# Rat Cages UK



## cfearnley (Jun 27, 2013)

Anyone know where I can purchase as large Rat Cage for a reasonable price? 

Is it worth having a look on EBay or should you always buy them new?


----------



## fatrat (May 14, 2012)

Definitely try ebay, gumtree and preloved, you might find a good deal on there  you don't have to buy new as long as the cage is in decent condition then it's good


----------



## blade100 (Aug 24, 2009)

It's always worth looking on eBay for second cages.
I once got a freddy 2 ( yellow base, blue shelf with blue bars) for £10.

Zooplus.co.uk is a good place to get rat cages.
And i think there's a web site called cages world.


----------



## fatrat (May 14, 2012)

Yes www.cagesworld.co.uk
Also try The Online Pet Store | Dog Beds | Rabbit Hutches | Chicken Coops | Bird Cages | Dog Kennels | Free delivery


----------



## thedogsmother (Aug 28, 2008)

Ebay etc are where Ive always got most of mine, Ive had Freddys for 99p before, also if you join your local freecycle you might strike lucky and get one for free.


----------



## Sarah+Hammies (Jul 20, 2009)

Preloved and ebay are good for cheap cages. I have managed to get my hands on some dirt cheap cages in the past. I managed to get a Freddy 2 cage for £5 and a hamster heaven for £10. The large tank my robo is in I got for £8.

Ebay would be my first port of call. :thumbup: Unless you want to buy new  Zooplus is a fab place to get cheap cages and accessories.


----------



## Laura123 (Aug 6, 2012)

Yup, I would agree with everyone else.
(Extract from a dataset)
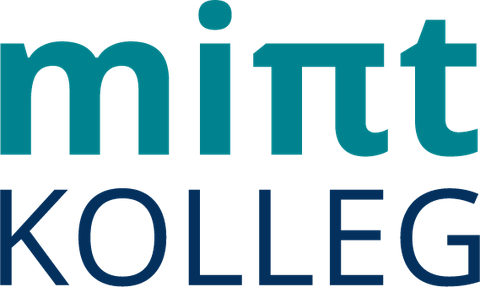 Logo MINT-Kolleg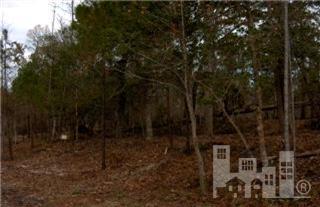 0 Winding Branch Road Hampstead, NC 28443 - Photo 1 of 1 Primary Photo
If you don't have a deadline keep an eye on gumtree and ebay. I got an Aurora 450 for £50. I would suggest that you do a good bit of research about what cage you really want. Access is really important.


----------



## Micky93 (May 15, 2012)

We just got a Liberta Explorer off cages world (the link is already posted in a previous post ^^^ ) and they were fab to buy off. Ordered on monday evening and arrived Wednesday morning at 10am! 

Plus I think the prices are reasonable for what you are getting.

If time isn't an issue then definitely keep an eye on preloved, gumtree, freecycle etc as you never know what may pop up


----------



## polishrose (Oct 26, 2011)

For only a few rats I liked the freddy 2. I got mine for £1.04 on eBay. I kept mice in it when I upgraded my rats so the bar spacing is fine for little ones.


----------